Leaving the pictures aside, transcribe only and exactly the lines from the one with "Корпус подвесной с" through the end of the entries, both included.
▼
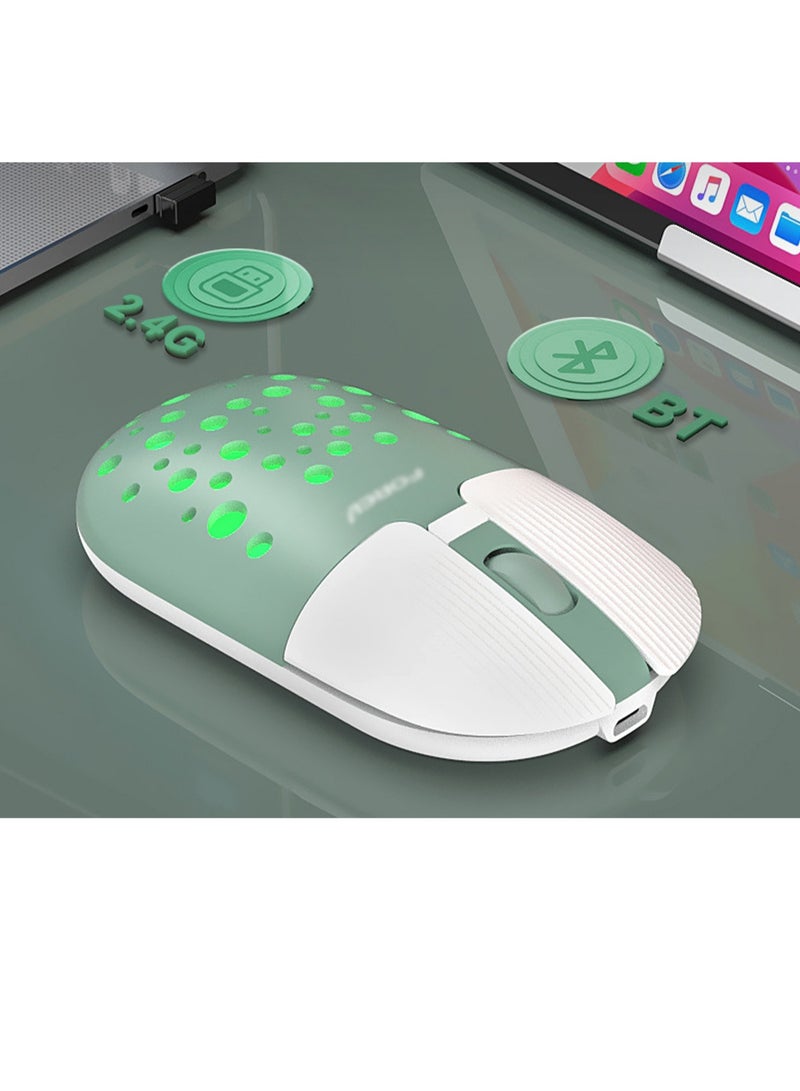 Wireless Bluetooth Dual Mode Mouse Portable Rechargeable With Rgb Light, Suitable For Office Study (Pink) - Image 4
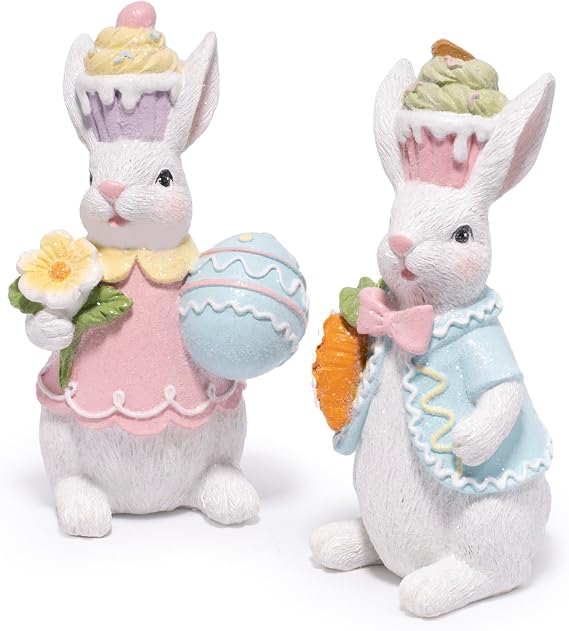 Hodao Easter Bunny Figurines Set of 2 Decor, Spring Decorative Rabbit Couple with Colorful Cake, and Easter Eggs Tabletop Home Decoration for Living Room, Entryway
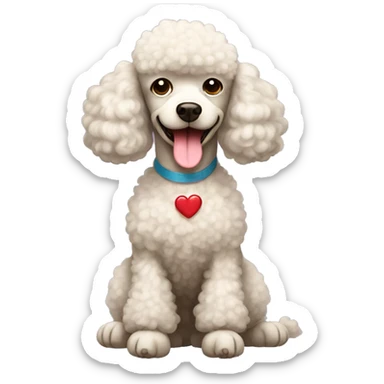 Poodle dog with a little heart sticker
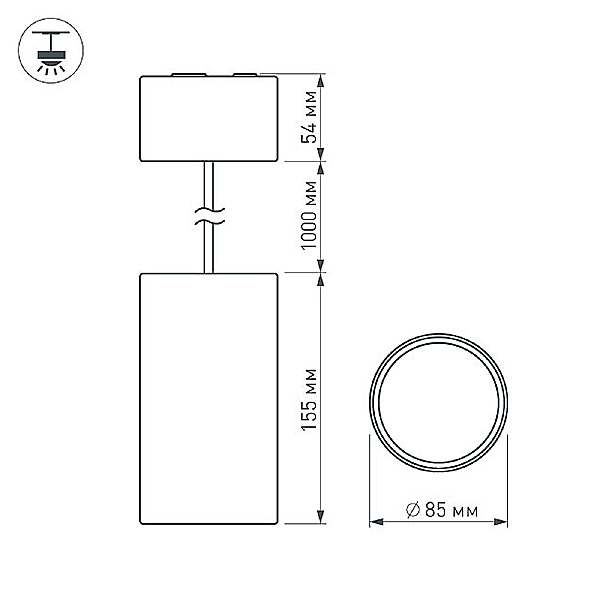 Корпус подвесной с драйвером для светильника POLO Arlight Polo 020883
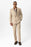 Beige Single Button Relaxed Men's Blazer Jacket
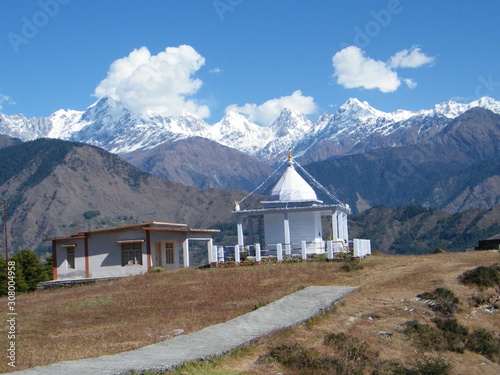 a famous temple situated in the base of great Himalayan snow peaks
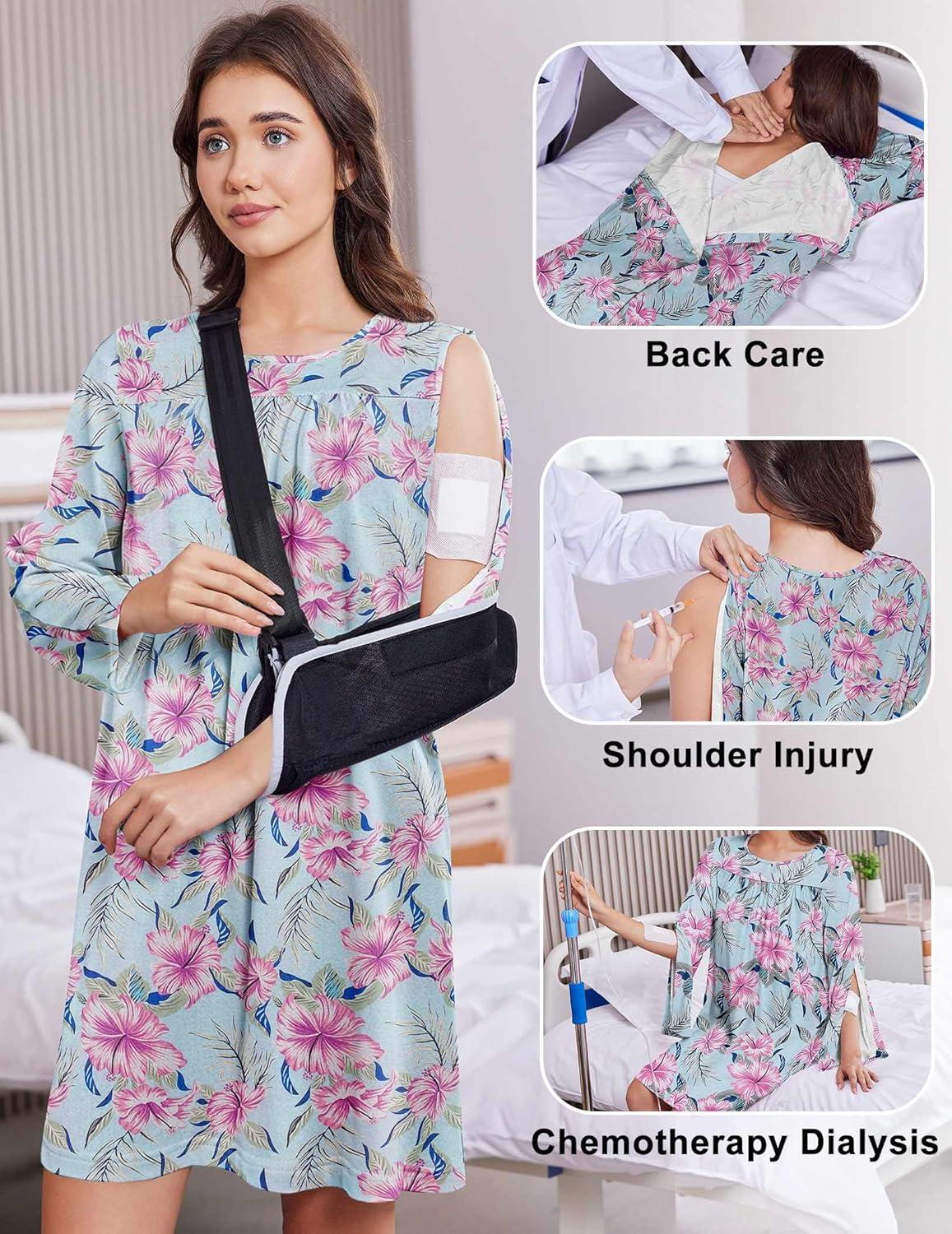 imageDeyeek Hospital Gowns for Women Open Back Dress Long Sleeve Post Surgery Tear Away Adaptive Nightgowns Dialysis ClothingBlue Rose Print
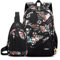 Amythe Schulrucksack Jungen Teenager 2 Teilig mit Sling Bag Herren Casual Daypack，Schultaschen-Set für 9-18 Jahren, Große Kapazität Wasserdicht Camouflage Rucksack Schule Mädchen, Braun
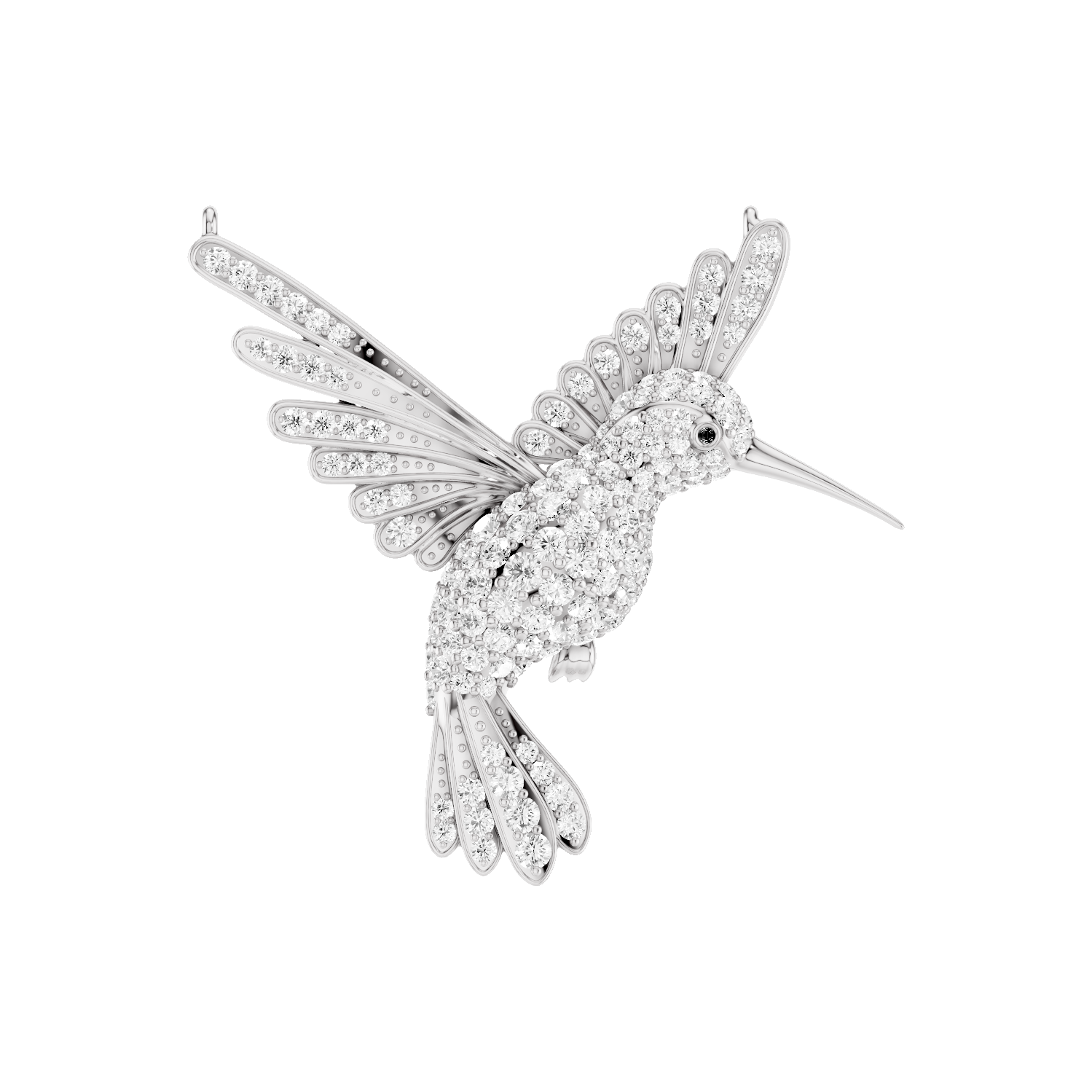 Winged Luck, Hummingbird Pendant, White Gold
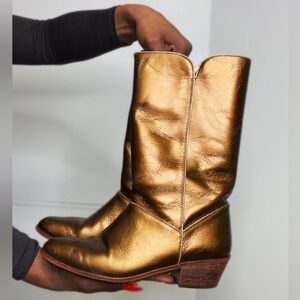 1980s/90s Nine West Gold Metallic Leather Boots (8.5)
▲
#### Result below:
 Корпус подвесной с драйвером для светильника POLO Arlight Polo 020883
 Beige Single Button Relaxed Men's Blazer Jacket
 a famous temple situated in the base of great Himalayan snow peaks
 imageDeyeek Hospital Gowns for Women Open Back Dress Long Sleeve Post Surgery Tear Away Adaptive Nightgowns Dialysis ClothingBlue Rose Print
 Amythe Schulrucksack Jungen Teenager 2 Teilig mit Sling Bag Herren Casual Daypack，Schultaschen-Set für 9-18 Jahren, Große Kapazität Wasserdicht Camouflage Rucksack Schule Mädchen, Braun
 Winged Luck, Hummingbird Pendant, White Gold
 1980s/90s Nine West Gold Metallic Leather Boots (8.5)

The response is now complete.